这是一个错误还是 float 类型的工作原理? 加载到 Elasticsearch 的 2 年数据(例如第 1 天、第 2 天)(每天 20 GB pri 分片大小)(总计 15 TB)更改此字段类型的最佳方法是什么? 我的映射中有 5 个浮点类型,更改所有浮点类型的最快方法是什么。 注意:在我看来,我有以下解决方案,但恐怕

  • 查询 API
  • 重新索引 API
  • 运行时搜索请求更新速度很慢(尤其是这个) 谢谢你! 输入图片此处描述

I have a query like below and when date_partition field is "type" => "float" it returns queries like 20220109, 20220108, 20220107.
When field "type" => "long", it only returns 20220109 query. Which is what I want.

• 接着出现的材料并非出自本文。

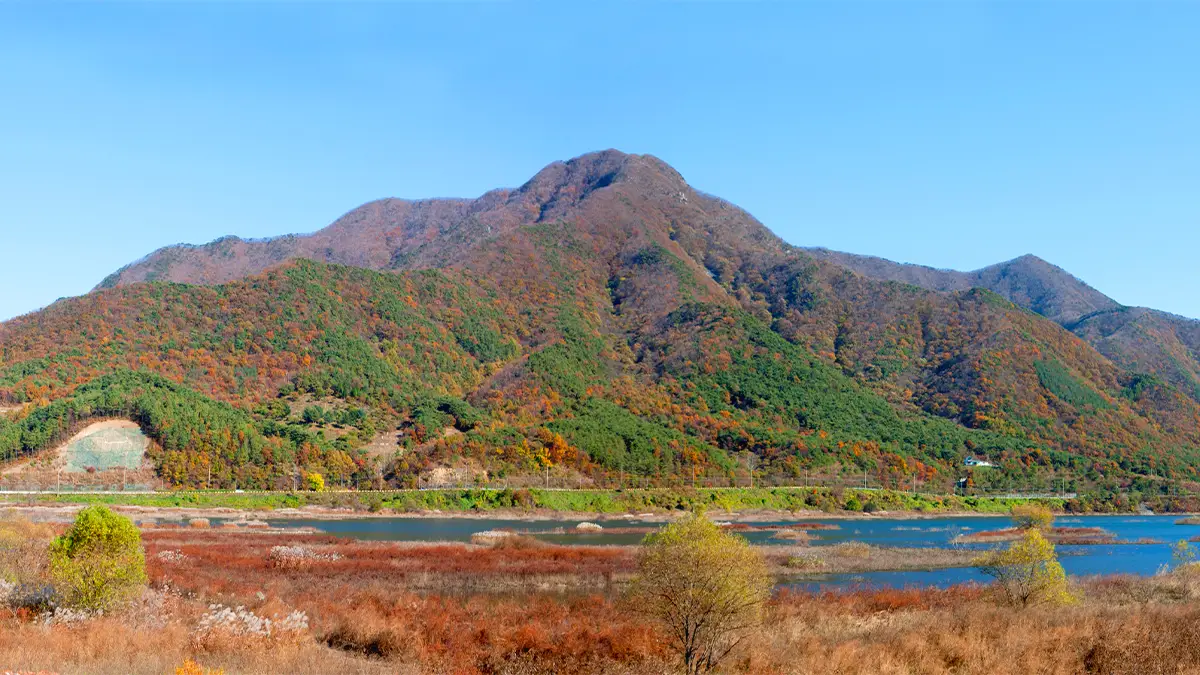 보령 아미산 보령 아미산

Each queries below, the result is returned as if the query 20220119 was sent.
--> 20220109, 20220108, 20220107

PUT date
{
  "mappings": {
    "properties": {
      "date_partition_float": {
        "type": "float"
      },
      "date_partition_long": {
        "type": "long"
      }
    }
  }
}
POST date/_doc
{
  "date_partition_float": "20220109",
  "date_partition_long": "20220109"
}
#its return the query
GET date/_search
{
  "query": {
    "match": {
      "date_partition_float": "20220108"
    }
  }
}
#nothing return
GET date/_search
{
  "query": {
    "match": {
      "date_partition_long": "20220108"
    }
  }
}

Is this a bug or is this how float type works ?
2 years of data loaded to Elasticsearch (like day-1, day-2) (20 gb pri shard size per day)(total 15 TB) what is the best way to change the type of just this field ?
I have 5 float type in my mapping, what is the fastest way to change all of them.
Note: In my mind I have below solutions but I'm afraid it's slow

  • update by query API
  • reindex API
  • run time search request (especially this one)
    Thank you!
    enter image description here

如果你对这篇内容有疑问,欢迎到本站社区发帖提问 参与讨论,获取更多帮助,或者扫码二维码加入 Web 技术交流群。

扫码二维码加入Web技术交流群

发布评论

需要 登录 才能够评论, 你可以免费 注册 一个本站的账号。

评论(2

娇柔作态 2025-01-23 04:52:33

date_partition 字段应具有 date 类型和 format=yyyyMMdd,这是唯一可以使用的合理类型,而不是 long 甚至更糟糕的浮动

PUT date
{
  "mappings": {
    "properties": {
      "date_partition": {
        "type": "date",
        "format": "yyyyMMdd"
      }
    }
  }
}

查询 20220108 并在结果中返回 20220109 文档是不合逻辑的。

使用date类型还允许您使用适当的基于时间的range查询并在数据上创建date_histogram聚合。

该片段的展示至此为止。